Blooming azaleas are a sure sign of early spring…in the world of professional golf, it’s time for “The Masters” in Augusta, GA where the best players on the planet will be competing for the coveted Green Jacket after spending many previous months preparing for the most celebrated event on the PGA tour.

Similarly, it’s time to prepare and to “tee up” your organization’s position on how you are classifying jobs as either exempt or non-exempt. Why? Because as many of you know, the Department of Labor (DOL) has been working on revising the Fair Labor Standards Act, the regulations that determine which workers are eligible for overtime pay or not.

Recently, the DOL sent their final recommended rule changes to the Office of Management and Budget (OMB). Based upon a review of the most recent list of changes, millions of employees currently considered exempt from overtime could be impacted, as their employers determine whether to reclassify them as nonexempt or not. Similar to the tournament player’s preparation for the Masters, smart organizations have been preparing over a year for the rule’s implementation. If you aren’t up to speed on all of this upcoming legislation, here’s a brief overview:

Exempt level status is in part determined by three things;

  1. Salary Basis test. A predetermined amount of pay that does not change with the amount of hours worked.
  2. Salary Level test. The current minimum annual is $23,660 and highly compensated is $100,000. The new rules propose increasing these levels to $47,892 and $122,000 respectively.
  3. Duties test. The duties a person performs in the scope of their job such as administrative or professional duties defined by the regulations.

The first implication of the rule changes is an increase in payroll costs that could be substantial based on where employees are currently compensated within the pay range, since the proposed salary level test will be increased by more than 100%! Companies should review where their affected employee’s salary is in relation to the proposed salary threshold to determine how many – and which – employees could be impacted by the new rules.

A second area of consideration for companies is how they will deal with the number of hours worked, as well as the effect on part time employees and alternative work week schedules.

And finally, an area which may also be affected by the new ruling is the duties test, although this review may come later in 2017 as the presidential election in November may have an impact on any changes to the proposed ruling. Based on a number of publications and sources, one possible solution to the “duties test” could be the adaption of California's requirement that 50 percent or more of an employee’s time must be spent on overtime-exempt duties each week for the position to be classifiable as exempt.

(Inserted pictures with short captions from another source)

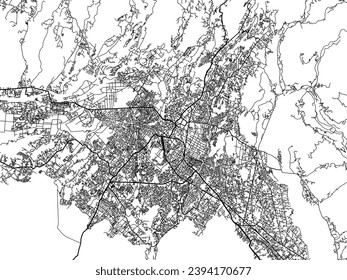 Vector city map of Dehra Dun in the Republic of India with black roads isolated on a white background. svg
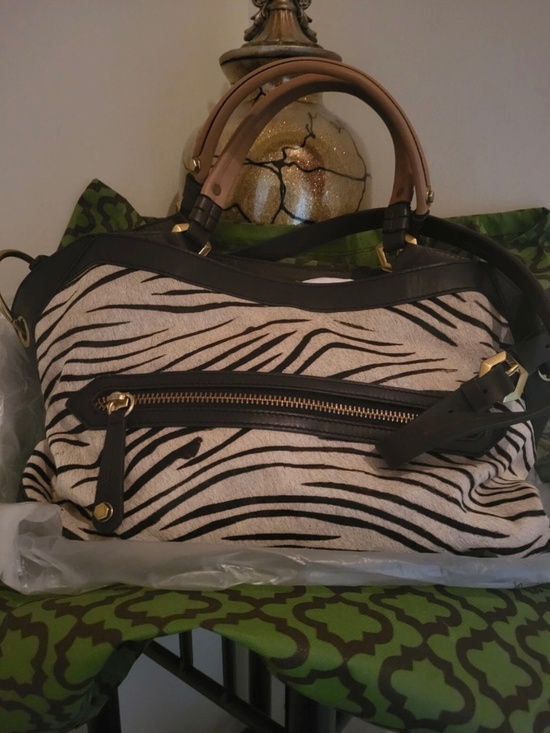 orYANY Handbags - ORYANY Zebra Print Calf Hair Leather Bag Purse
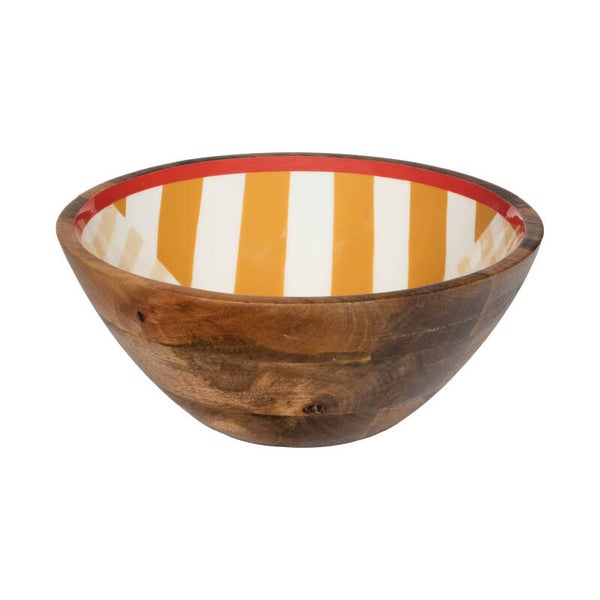 Saladier William en bois de manguier et émail décoré – Ø31 cm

Top Implications to companies

According to SHRM (Society of Human Resource Management), there are several areas within your organization that will feel the effect of the proposed FLSA changes,

  1. Significant Impact. Employees and employers across every industry and sector will be impacted. Most employers covered by the FLSA will need to analyze employee classifications and make other changes, by the anticipated 2016 effective date which will be established in the final rule. According to DOL, 11 million employees will be impacted.
  2. Salary Level Will Increase. To be exempt currently, workers must make more than $455/week ($23,660 annually). The proposed rule sets the standard salary level at the 40th percentile of weekly earnings for full-time salaried workers which for 2013 were $921 per week, or $47,892 annually. If the 40th percentile approach is adopted, the 2016 level is projected to be $970 a week, or $50,440 annually. This will impact all sectors, but it will disproportionately affect the non-profit and service sector industries, as well as certain geographic areas of the country.
  3. For the First Time Ever, DOL Proposes to Automatically Raise the Salary Level. The Department is proposing to automatically update the salary level (including for highly compensated employees) on an annual basis, either based on percentiles of earnings for full-time salaried workers or based on changes in inflation.
  4. Changes to Highly Compensated Employees (HCE). The Department is proposing to set the HCE annual compensation level equal to the 90th percentile of earnings for full-time salaried workers ($122,148 annually), or based on changes in inflation. Currently, in order to come within this exemption, an employee must earn at least $100,000.
  5. Feedback Sought on Duties Test and Nondiscretionary Bonuses. While no changes have been proposed yet, the regulation acknowledges challenges associated with the duties test and seeks additional examples regarding specific occupations. Similarly, the Department wants to hear from employers about the possibility of including nondiscretionary bonuses to satisfy a portion of the standard salary requirement.
  6. State Law Application. Employers in states with wage and hour laws that are more restrictive in their application (for example, California) will need to review their coverage requirements under federal law in light of these proposed changes.
  7. Workplace Flexibility Reduced. Changes will require employers to reclassify a significant number of employees from exempt to non-exempt status, requiring tracking of hours worked, resulting in the loss of workplace flexibility.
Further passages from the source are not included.